Rates of unintended pregnancies and abortions decrease significantly when women receive a one-year supply of oral contraceptives, instead of being prescribed one- or three-month supplies, a UCSF study shows.
Researchers observed a 30 percent reduction in the odds of pregnancy and a 46 percent decrease in the odds of an abortion in women given a one-year supply of birth control pills at a clinic versus women who received the standard prescriptions for one — or three-month supplies.
The researchers speculate that a larger supply of oral contraceptive pills may allow more consistent use, since women need to make fewer visits to a clinic or pharmacy for their next supply.
“Women need to have contraceptives on hand so that their use is as automatic as using safety devices in cars, ” said Diana Greene Foster, PhD, lead author and associate professor in the UCSF Department of Obstetrics, Gynecology and Reproductive Sciences. “Providing one cycle of oral contraceptives at a time is similar to asking people to visit a clinic or pharmacy to renew their seatbelts each month.”
Foster also is director of research for Advancing New Standards in Reproductive Health, part of the UCSF Bixby Center for Global Reproductive Health.

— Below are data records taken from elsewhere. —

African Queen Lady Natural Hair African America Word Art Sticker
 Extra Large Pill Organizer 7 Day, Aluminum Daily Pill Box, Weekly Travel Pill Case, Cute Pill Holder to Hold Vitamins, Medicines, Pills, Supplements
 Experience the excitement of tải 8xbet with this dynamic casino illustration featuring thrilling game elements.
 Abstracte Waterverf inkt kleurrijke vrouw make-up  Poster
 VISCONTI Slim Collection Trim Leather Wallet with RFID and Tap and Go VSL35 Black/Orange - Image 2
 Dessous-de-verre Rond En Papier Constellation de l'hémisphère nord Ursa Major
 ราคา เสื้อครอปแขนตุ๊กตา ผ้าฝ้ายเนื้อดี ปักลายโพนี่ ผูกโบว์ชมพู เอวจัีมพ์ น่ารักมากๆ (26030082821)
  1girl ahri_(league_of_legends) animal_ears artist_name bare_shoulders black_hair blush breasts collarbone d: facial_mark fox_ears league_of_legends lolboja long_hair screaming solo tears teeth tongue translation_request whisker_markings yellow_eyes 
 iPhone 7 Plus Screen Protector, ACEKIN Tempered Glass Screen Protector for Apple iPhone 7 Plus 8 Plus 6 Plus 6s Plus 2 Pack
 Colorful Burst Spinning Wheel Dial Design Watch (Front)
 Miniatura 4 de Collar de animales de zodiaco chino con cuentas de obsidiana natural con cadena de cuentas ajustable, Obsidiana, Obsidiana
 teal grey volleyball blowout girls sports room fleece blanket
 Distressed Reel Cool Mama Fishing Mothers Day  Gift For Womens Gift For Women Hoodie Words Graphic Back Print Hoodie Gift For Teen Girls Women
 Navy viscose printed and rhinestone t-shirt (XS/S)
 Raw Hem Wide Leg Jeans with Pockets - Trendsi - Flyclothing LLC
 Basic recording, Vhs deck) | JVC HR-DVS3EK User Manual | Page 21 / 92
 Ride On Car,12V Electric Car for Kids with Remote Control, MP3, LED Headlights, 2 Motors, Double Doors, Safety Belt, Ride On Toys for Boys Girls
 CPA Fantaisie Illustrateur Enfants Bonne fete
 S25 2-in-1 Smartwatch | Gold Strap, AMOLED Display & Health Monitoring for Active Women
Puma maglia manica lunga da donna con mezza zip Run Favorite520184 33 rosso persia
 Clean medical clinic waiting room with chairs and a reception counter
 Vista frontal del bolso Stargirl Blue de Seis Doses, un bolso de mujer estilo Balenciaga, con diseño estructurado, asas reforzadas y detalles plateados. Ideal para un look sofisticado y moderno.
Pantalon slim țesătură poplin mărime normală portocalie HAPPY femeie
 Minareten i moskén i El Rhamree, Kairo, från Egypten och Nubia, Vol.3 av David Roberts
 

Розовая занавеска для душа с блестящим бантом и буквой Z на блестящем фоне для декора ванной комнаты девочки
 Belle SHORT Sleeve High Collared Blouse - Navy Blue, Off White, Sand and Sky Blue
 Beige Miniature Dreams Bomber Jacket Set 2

Her study’s findings appear online today http://journals.lww.com/greenjournal/Abstract/2011/03000/Number_of_Oral_Contraceptive_Pill_Packages.8.aspx in the journal Obstetrics and Gynecology.
The researchers linked 84,401 women who received oral contraceptives in January 2006 through Family PACT (Planning, Access, Care, Treatment), a California family planning program, to Medi-Cal data showing pregnancies and births in 2006. Through Family PACT, some family planning clinics are able to dispense a one-year supply of pills on-site.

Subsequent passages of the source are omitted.